* Data excerpts
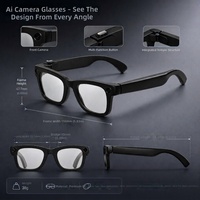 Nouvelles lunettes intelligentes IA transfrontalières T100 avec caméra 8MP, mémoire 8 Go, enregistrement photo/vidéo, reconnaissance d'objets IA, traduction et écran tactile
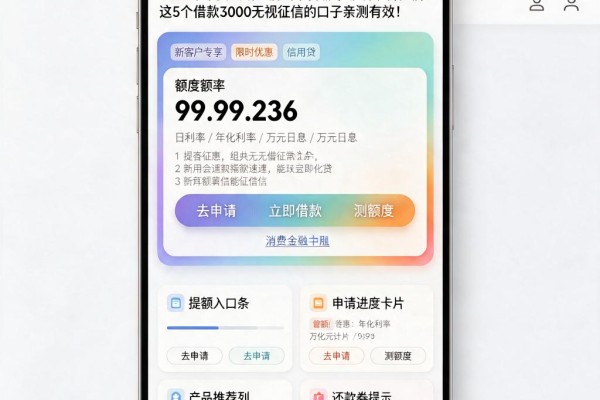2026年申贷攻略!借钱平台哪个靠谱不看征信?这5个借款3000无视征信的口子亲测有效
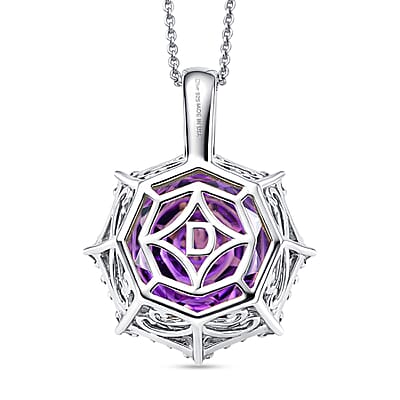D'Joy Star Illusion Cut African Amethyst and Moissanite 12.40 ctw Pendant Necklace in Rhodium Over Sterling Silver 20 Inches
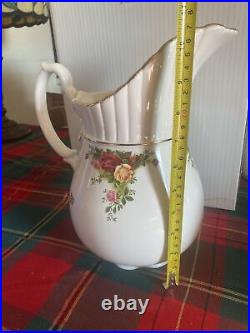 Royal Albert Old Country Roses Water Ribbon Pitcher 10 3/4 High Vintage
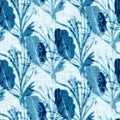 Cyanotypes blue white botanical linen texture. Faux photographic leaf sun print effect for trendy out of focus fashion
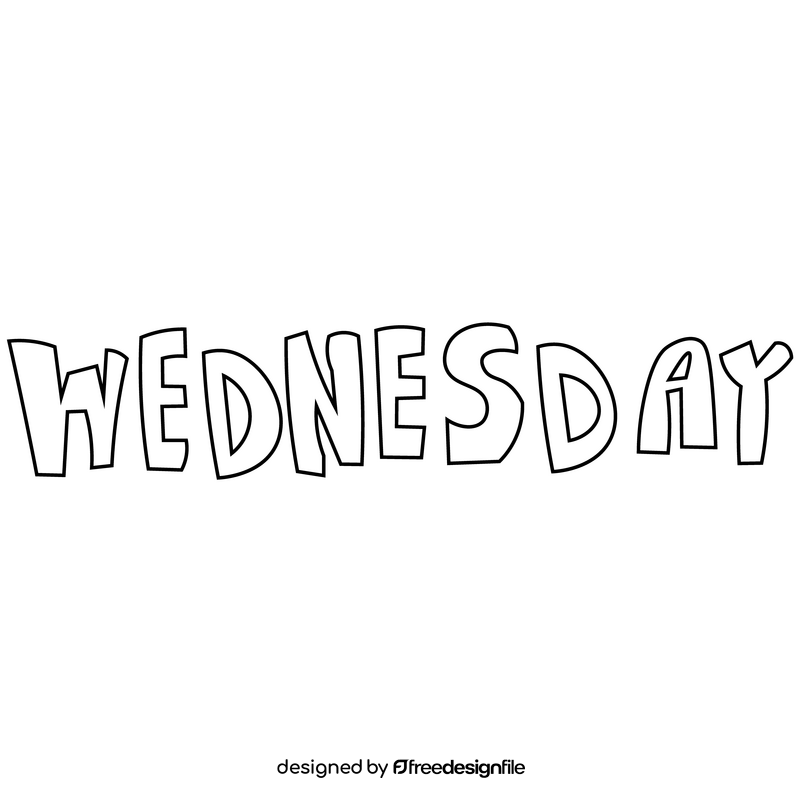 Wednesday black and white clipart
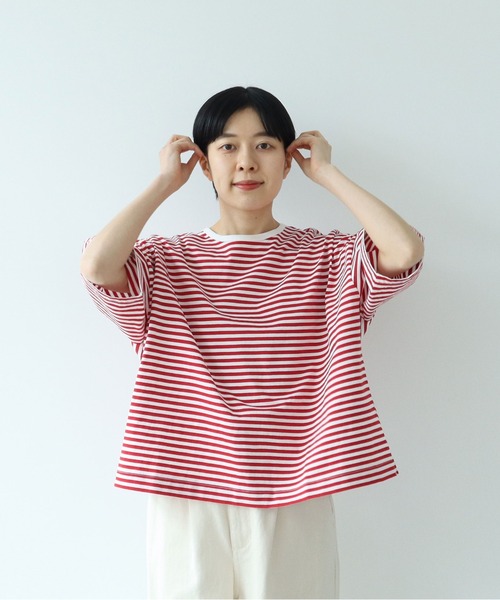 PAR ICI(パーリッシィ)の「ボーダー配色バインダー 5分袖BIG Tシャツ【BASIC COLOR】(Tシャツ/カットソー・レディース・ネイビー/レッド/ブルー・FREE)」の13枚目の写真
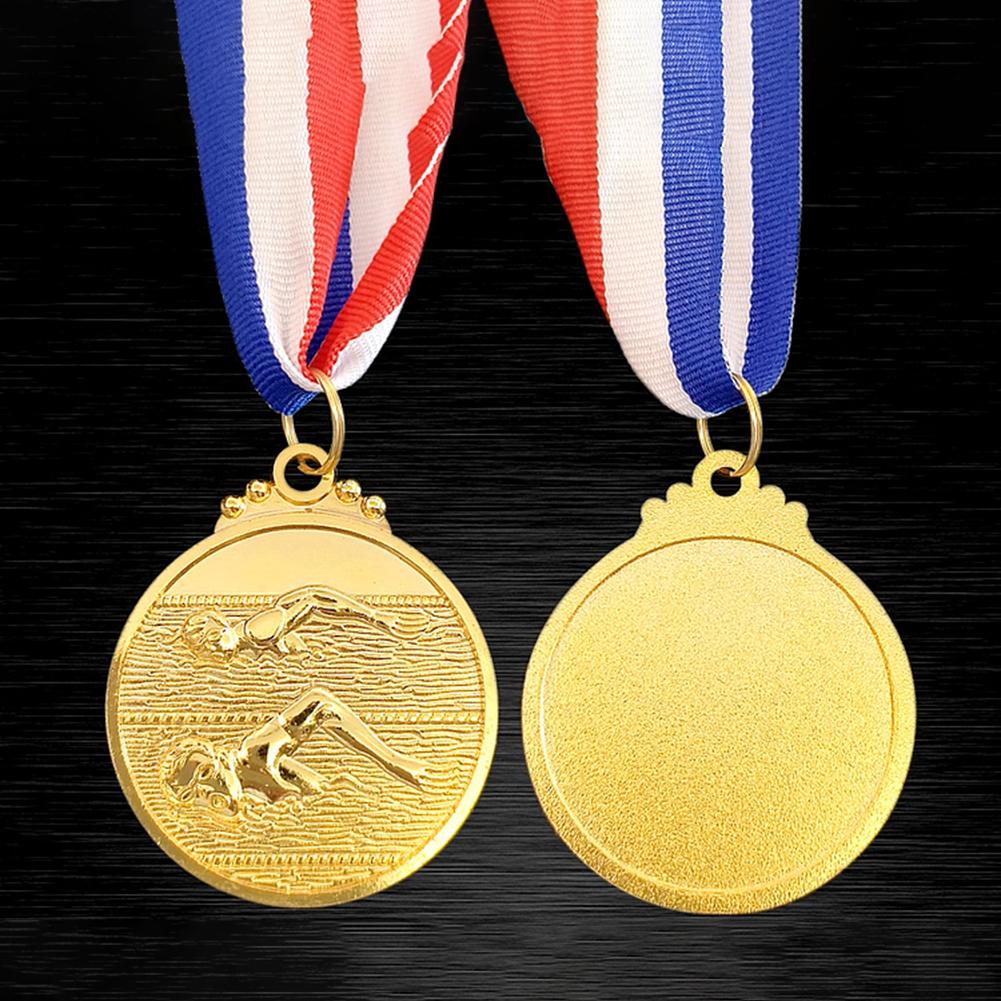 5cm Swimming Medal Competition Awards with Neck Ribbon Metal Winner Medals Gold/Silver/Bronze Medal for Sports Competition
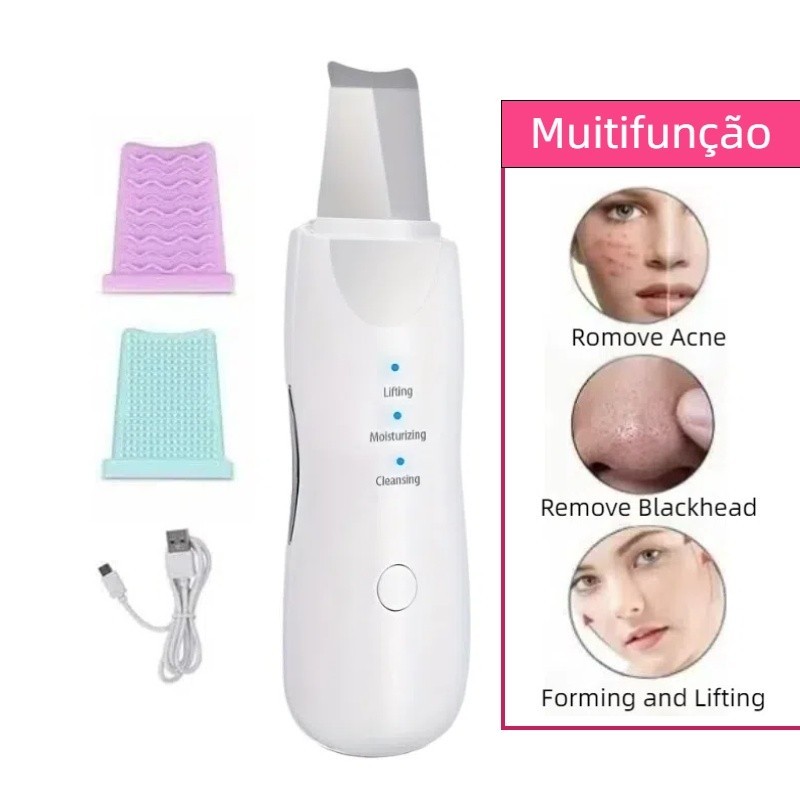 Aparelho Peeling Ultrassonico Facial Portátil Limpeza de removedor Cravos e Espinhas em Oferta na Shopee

* Task prompt
Here the lines from the one with "D'Joy Star Illusion" through the last line of the data above need to be repeated exactly, both included, and any picture omitted.

* Answer to the problem
D'Joy Star Illusion Cut African Amethyst and Moissanite 12.40 ctw Pendant Necklace in Rhodium Over Sterling Silver 20 Inches
 Royal Albert Old Country Roses Water Ribbon Pitcher 10 3/4 High Vintage
 Cyanotypes blue white botanical linen texture. Faux photographic leaf sun print effect for trendy out of focus fashion
 Wednesday black and white clipart
 PAR ICI(パーリッシィ)の「ボーダー配色バインダー 5分袖BIG Tシャツ【BASIC COLOR】(Tシャツ/カットソー・レディース・ネイビー/レッド/ブルー・FREE)」の13枚目の写真
 5cm Swimming Medal Competition Awards with Neck Ribbon Metal Winner Medals Gold/Silver/Bronze Medal for Sports Competition
 Aparelho Peeling Ultrassonico Facial Portátil Limpeza de removedor Cravos e Espinhas em Oferta na Shopee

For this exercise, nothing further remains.